Health Conditions That Make Propoxyphene Dangerous
People with a history of suicidal actions and thoughts must not use propoxyphene. It should not be taken with sedatives such as Xanax or Valium, or antidepressant, or with large quantity of alcohol. Propoxyphene is addictive and should be used only under a doctor’s prescription.
Patients prescribed with Propoxyphene must not have:
- Liver or kidney disease
- Asthma, sleep apnea, COPD, and other breathing disorders
- No history of brain tumor or head injury
- No history of alcohol or drug addiction
- No history of mental illness
Pregnancy –Propoxyphene, based on FDA pregnancy category C, could harm the unborn baby. Taking the drug during pregnancy may cause breathing problems, even addiction in a newborn.

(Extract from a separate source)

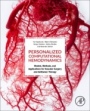 Personalized Computational Hemodynamics: Models, Methods, and Applications for Vascular Surgery and Antitumor Therapy - ISBN 9780128156537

Breastfeeding - This drug passes into the breast milk and could therefore harm a nursing baby.
History of Propoxyphene
Based on the provisions of the United States 1938 Food, Drug & Cosmetic Act (FD&C Act), Propoxyphene, invented by Eli Lilly & Co, was approved for the treatment of mild to moderate pain in 1957. The two most popular brands of this drug are Darvocet and Darvon, with the former mixed with acetaminophen. This drug is in the top 25 list of the most prescribed drug in United States before its withdrawal from the legitimate drug marketplace.
According to the FDA some 600 million prescription of this drug may have been written since 1957. In 2007 alone, over 20 million prescriptions were dispensed for propoxyphene-based products, never mind the serious, adverse-effects.
The consumer group Public Citizen asked for the removal of all propoxyphene-based pain relievers from the market in 1978 because of its addictive properties, and ease of overdosing on the drug. The petition was denied. The second petition came in 2006 but it wasn’t until 2010 that the FDA withdrew the drug and its variants from the market. The drug has left millions of users with cardiac problems and negative side effects.